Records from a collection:
▶

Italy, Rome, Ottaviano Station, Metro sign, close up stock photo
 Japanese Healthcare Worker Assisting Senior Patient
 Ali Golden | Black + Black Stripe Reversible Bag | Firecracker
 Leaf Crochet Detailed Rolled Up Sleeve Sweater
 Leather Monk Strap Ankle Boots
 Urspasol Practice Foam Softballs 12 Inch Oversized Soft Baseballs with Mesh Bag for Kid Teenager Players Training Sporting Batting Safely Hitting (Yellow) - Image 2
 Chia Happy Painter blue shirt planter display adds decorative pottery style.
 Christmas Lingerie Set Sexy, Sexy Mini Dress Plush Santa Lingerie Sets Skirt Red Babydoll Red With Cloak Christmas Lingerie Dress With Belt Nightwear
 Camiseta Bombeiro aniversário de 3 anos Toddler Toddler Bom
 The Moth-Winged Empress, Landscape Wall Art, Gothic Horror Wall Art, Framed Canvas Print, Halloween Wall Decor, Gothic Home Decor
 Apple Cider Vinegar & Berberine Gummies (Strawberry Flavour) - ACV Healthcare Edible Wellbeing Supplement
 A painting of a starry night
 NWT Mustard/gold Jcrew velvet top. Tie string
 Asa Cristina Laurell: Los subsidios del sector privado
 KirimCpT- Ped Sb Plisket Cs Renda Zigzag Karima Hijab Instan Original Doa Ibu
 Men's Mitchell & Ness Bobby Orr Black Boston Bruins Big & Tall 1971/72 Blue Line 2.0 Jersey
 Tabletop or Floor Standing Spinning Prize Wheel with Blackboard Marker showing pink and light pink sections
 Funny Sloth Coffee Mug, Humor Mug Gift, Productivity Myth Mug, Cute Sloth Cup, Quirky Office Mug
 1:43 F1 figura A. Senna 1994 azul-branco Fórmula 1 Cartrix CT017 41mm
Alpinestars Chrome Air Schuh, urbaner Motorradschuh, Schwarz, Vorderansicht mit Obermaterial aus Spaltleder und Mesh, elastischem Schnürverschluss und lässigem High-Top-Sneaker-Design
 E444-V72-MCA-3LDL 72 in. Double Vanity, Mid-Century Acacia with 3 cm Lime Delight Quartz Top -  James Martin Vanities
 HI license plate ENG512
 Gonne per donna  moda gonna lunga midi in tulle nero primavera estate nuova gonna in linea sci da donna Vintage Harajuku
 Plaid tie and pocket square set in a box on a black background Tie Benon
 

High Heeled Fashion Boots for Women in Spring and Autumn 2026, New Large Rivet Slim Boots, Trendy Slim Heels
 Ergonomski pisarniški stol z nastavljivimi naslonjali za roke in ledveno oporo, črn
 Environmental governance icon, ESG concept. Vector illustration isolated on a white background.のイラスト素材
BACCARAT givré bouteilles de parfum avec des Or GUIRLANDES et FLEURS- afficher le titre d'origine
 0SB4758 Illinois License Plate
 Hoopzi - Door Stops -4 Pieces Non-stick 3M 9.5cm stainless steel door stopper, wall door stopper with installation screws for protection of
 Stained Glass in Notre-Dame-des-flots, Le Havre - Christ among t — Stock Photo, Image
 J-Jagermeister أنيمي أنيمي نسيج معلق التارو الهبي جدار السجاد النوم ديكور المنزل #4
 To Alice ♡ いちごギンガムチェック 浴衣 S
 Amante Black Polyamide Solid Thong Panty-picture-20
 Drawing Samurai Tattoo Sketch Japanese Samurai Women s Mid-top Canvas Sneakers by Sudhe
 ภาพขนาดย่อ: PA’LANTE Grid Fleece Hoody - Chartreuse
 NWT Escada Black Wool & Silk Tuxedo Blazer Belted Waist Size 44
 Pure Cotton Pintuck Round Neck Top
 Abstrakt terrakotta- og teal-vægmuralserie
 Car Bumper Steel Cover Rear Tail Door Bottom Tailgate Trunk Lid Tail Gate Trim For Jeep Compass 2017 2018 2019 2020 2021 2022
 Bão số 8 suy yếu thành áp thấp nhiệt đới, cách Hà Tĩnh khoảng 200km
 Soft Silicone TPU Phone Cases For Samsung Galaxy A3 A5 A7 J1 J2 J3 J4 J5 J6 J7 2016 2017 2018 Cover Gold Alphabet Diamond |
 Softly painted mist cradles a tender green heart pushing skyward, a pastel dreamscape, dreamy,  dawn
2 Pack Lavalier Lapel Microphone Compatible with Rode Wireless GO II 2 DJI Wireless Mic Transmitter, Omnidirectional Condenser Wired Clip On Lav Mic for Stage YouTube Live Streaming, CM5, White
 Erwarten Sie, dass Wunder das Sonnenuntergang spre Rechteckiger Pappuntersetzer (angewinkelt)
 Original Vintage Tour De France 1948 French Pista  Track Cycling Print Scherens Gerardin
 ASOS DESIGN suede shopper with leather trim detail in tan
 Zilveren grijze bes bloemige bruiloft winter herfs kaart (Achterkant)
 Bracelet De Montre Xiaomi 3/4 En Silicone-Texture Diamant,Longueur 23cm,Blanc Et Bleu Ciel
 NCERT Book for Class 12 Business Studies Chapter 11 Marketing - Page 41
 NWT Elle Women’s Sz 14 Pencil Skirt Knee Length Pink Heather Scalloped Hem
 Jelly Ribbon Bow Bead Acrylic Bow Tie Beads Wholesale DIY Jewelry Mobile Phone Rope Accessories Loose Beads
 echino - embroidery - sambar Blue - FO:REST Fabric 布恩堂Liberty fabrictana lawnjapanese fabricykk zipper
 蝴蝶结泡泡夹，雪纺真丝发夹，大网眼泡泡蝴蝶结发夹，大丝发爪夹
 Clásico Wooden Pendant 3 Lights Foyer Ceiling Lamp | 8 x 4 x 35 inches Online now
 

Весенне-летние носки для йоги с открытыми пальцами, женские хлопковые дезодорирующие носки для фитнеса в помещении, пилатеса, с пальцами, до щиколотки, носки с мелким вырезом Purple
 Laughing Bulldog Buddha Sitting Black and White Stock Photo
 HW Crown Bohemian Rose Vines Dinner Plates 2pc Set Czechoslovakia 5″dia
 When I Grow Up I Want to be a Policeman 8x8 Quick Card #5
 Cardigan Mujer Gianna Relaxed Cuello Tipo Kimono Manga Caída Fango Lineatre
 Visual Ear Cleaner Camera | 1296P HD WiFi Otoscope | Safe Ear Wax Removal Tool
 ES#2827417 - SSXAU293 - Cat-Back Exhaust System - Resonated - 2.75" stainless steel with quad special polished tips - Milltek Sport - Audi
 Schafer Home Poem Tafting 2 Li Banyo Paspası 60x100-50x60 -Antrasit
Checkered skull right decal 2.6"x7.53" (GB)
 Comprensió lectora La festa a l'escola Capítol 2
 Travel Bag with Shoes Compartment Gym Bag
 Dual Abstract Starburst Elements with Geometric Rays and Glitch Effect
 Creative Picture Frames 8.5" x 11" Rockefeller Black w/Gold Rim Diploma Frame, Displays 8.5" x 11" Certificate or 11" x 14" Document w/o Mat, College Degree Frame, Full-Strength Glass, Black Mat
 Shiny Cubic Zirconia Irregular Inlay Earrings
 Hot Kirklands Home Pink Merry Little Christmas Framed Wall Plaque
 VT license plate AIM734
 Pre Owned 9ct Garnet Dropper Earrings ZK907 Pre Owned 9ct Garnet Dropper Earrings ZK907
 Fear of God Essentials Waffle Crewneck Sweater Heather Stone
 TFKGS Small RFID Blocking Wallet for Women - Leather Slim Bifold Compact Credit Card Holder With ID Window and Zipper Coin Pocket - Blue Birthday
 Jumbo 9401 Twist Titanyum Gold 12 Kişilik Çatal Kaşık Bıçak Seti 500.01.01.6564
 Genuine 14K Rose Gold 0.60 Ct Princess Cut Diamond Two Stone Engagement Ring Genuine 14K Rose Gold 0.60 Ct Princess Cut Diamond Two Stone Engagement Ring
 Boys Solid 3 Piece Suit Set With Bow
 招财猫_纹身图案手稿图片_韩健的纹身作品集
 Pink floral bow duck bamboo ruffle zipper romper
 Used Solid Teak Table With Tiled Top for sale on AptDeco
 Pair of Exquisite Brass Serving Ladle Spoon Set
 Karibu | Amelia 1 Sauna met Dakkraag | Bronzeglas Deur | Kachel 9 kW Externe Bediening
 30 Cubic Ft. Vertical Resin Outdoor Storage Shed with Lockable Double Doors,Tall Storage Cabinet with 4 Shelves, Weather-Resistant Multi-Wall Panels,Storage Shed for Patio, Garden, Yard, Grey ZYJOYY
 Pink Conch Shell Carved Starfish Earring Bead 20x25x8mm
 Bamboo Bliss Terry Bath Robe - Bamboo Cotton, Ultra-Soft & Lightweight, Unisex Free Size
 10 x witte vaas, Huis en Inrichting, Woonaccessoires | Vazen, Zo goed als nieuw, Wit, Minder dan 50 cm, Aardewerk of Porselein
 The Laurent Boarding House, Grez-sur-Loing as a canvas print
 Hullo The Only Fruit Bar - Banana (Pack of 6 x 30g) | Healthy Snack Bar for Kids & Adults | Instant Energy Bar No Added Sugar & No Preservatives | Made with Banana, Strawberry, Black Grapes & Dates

◀

* _What you should do_:
Which lines should be output? Exactly those from the first line of the data through the line containing "Urspasol Practice Foam", inclusive.

* _Result of the task_:
Italy, Rome, Ottaviano Station, Metro sign, close up stock photo
 Japanese Healthcare Worker Assisting Senior Patient
 Ali Golden | Black + Black Stripe Reversible Bag | Firecracker
 Leaf Crochet Detailed Rolled Up Sleeve Sweater
 Leather Monk Strap Ankle Boots
 Urspasol Practice Foam Softballs 12 Inch Oversized Soft Baseballs with Mesh Bag for Kid Teenager Players Training Sporting Batting Safely Hitting (Yellow) - Image 2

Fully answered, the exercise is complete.